Leistungsmotivation bedeutet das Streben nach Erfolg bzw. dem Vermeiden von Misserfolg. Konkrete Beispiele finden sich zahlreich sowohl im schulischen als auch beruflichen Kontext.

Ein Schüler, der sich beispielsweise auf eine Prüfung vorbereiten soll, bewertet in der Abwägephase individuell, wie wichtig der Erfolg bei dieser Prüfung für ihn ist bzw. wie wichtig es ihm ist, die unangenehme Situation zu vermeiden, in der er den Eltern gestehen muss, dass er die Prüfung nicht geschafft hat (mit den möglichen negativen Konsequenzen). Einbezogen werden dabei auch die Wünsche nach Freizeit und einem Nebenjob, der ihm finanziell etwas Freiraum verschafft. Erwartungen darüber, ob die anstehende Prüfung bewältigbar ist, runden das Gedankenpaket in dieser Phase ab.

Daraus folgend wird nach Abwägen der Möglichkeiten eine Intention gebildet, sich den Lernanstrengungen für die Prüfung zu stellen oder eben nicht (Schritt über den Rubikon).

In der Planungsphase wird die Prüfungsvorbereitung (für den Fall, dass in der Abwägephase die Entscheidung dafür getroffen wurde) geplant und gegen mögliche andere Ziele (z.B. mit Freunden treffen, jobben gehen) abgeschirmt. Es werden Tages- und Wochenpläne erstellt und die Freundin gebeten, darauf zu achten, dass der Plan auch eingehalten wird.
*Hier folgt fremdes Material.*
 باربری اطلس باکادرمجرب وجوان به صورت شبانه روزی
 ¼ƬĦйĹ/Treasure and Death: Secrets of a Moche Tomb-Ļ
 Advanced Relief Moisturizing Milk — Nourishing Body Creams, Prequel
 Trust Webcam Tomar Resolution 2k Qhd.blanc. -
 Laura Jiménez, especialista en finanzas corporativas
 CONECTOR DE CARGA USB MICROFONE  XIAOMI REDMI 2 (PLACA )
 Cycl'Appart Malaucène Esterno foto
In der Handlungsphase kommt es zur Umsetzung der Pläne. Ist die Motivation, die Prüfung erfolgreich zu absolvieren, hoch, so werden auch Zeiten der Lustlosigkeit oder das Drängen der Freunde, sich doch einem Ausflug anzuschließen, den Schüler nicht von seinem Tun abbringen.

In der Bewertungsphase wird die absolvierte Prüfungsvorbereitung evaluiert. Bewertungskriterien sind dabei sowohl der absolvierte Prozess des Lernens als auch die erreichte Prüfungsnote. Ist der Schüler zufrieden, wird er die erstellten Lernpläne mit hoher Wahrscheinlichkeit auch bei der nächsten Prüfung anwenden.
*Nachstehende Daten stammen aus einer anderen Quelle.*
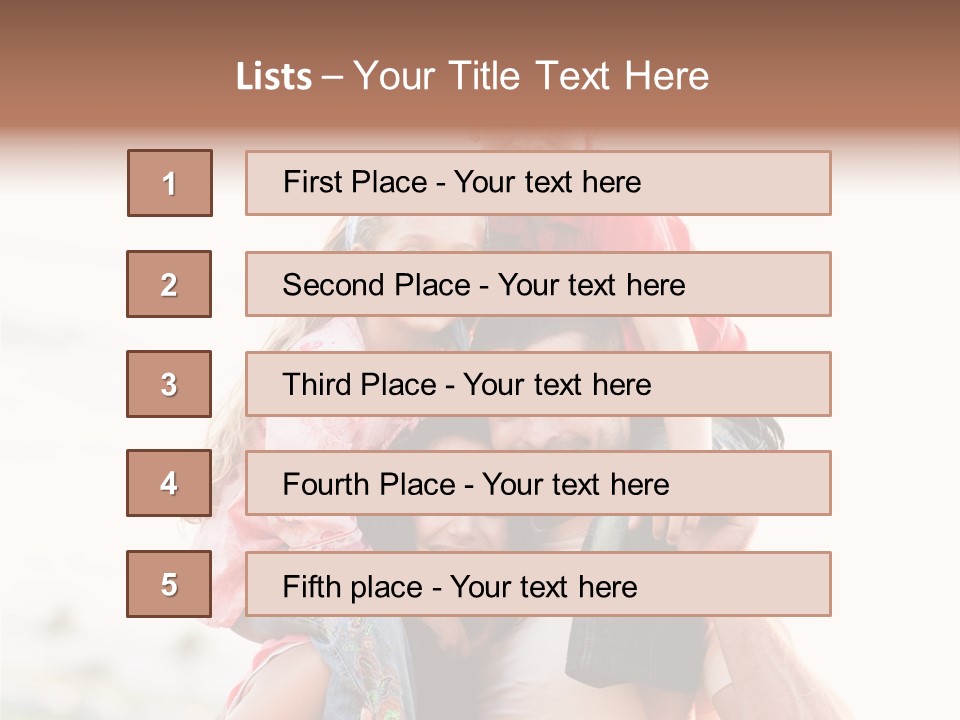 Park  Latin PowerPoint Template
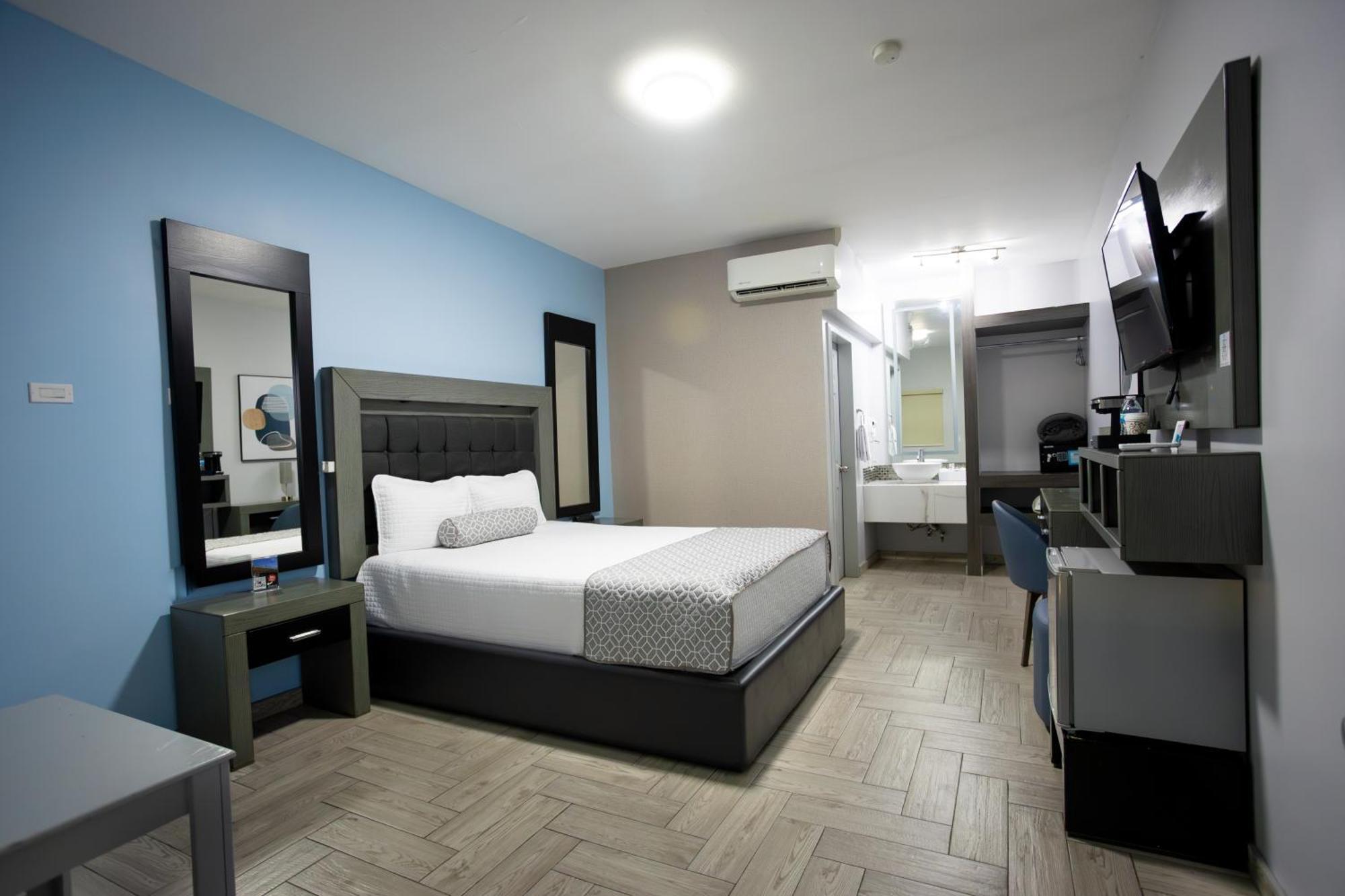 653 Hotel San Luis Rio Colorado Ngoại thất bức ảnh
Abschließend anzumerken ist, dass die hier dargestellte Vorstellung des Motivationsprozesses einen vergleichsweise starren Modellcharakter hat. So findet u.a. das Bewerten des Handelns bzw. Handlungserfolges in der Regel schon bei jedem bewussten Handeln und sogar schon der Planung selbst statt.

Auch insgesamt ist die Abfolge der Handlungsphasen eine idealtypische Vorstellung, die in der Realität eher selten ist. So gibt es viele Handlungen, die ohne Abwägen und Planen vonstattengehen, insbesondere alle Gewohnheitshandlungen. Das Handlungsphasenmodell unterscheidet verschiedene „geistige Tätigkeiten“, die für ein erfolgreiches Handeln nötig sind. Diese Tätigkeiten können aber auch gleichzeitig vorkommen oder sich überlappen, wenn mehrere Ziele zugleich verfolgt werden. Auch ist es möglich, von einer „späteren“ in eine „frühere“ Phase zurückzufallen.